What you're describing is called retrograde amnesia affecting autobiographical memory but not skills such as speech and movement patterns. Your character may react to her amnesia in several ways.

You should consider the personality of your protagonist. Is she stressed out easily? How would she score on a Big Five personality test? For instance, would she score high on neuroticism and conscientiousness? I can imagine if she is an agreeable person she is less likely to be suspicious of people. In a thriller that wouldn't be very interesting. Or, would it? How would she score on the Myer-Briggs Type Indicator? Is she the logical type that can objectively see the situation she is in, and respond calmly?

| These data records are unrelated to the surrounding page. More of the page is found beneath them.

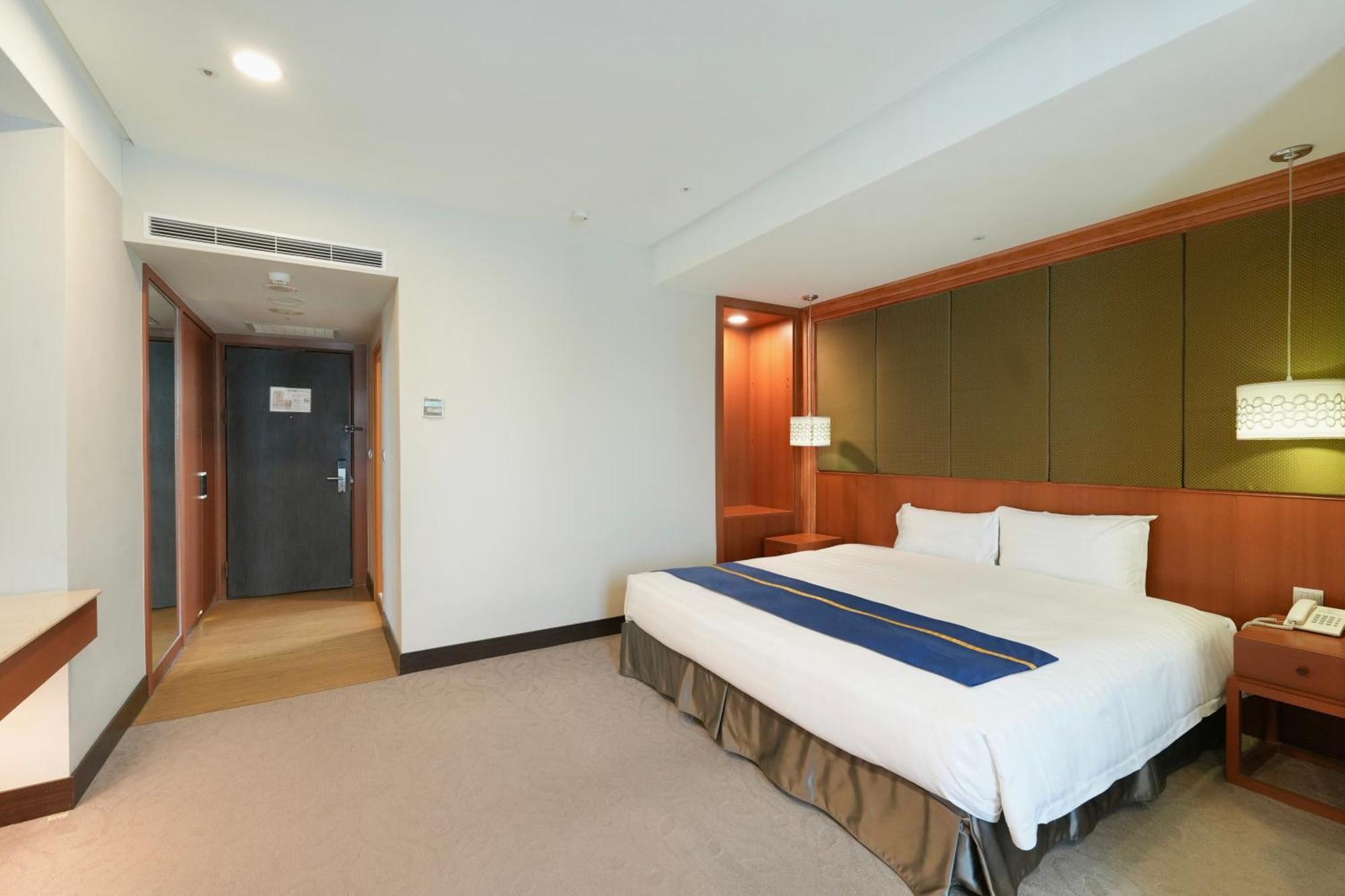 Hiyeshotel勤天商旅-花蓮館 Hualien Eksteriør bilde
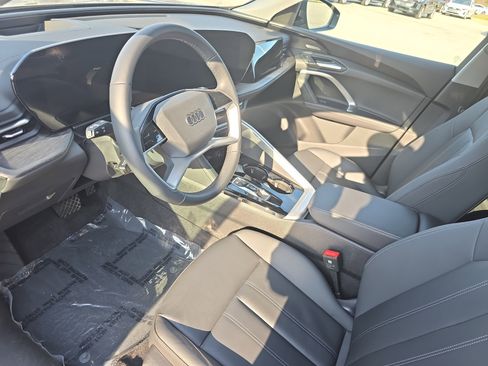 Certified 2025 Audi Q5 Premium Plus w/ Premium Plus image 16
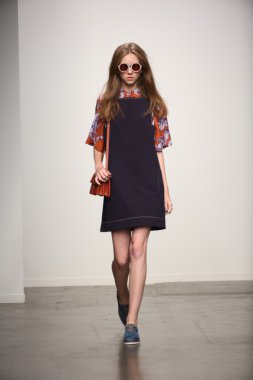 karen walker ilkbahar-yaz 2015 defile pist model yürür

Every character reacts differently to amnesia. I think you want the character to be suspicious of people, because you are writing a thriller. If that's the case you could make her suspicious about many people in order to build tension for the reader. The other option would be to make her suspect only one person. Then midway it turns out someone else was the culprit. Maybe she was the culprit all along, or maybe she starts think she is.

Besides personality you could build your character by denoting her skills, and previous experience. For instance, she could be great at knife throwing (wasn't that a movie?). She could have been a surgeon before which could make her stand the sight of blood. Skills acquired in an occupation carry-over to other parts of a person's life, even when a character has amnesia the skills will determine how she can react and will likely react.

For the thriller genre you want to have intermittent dangers. But just because it's a thriller you don't have to create tension with dangers all the time. You can also regulate tension by more trivial events. Maybe the protagonist meets an old lover, but she cannot remember. This can help build story arc, and build the character while keeping the reader interested.

Everything will be a cliche when repeated enough. You could get creative and think up some crazy stuff. Perhaps a character can fool the protagonist into thinking they're friends, the protagonist starts to doubt her, then finds out they're probably not friends, and starts to fool the other that she believes they are indeed friends. In the end it turns out they were really friends, that they both suffer from amnesia, but meanwhile they started to doubt eachother and get into a conflict.

It would greatly help your writing if you can find out on which specific part you get stuck. And don't get stuck on the idea that your book is supposed to be a thriller; I've read plenty of thrillers which were less thrilling than non-thrillers.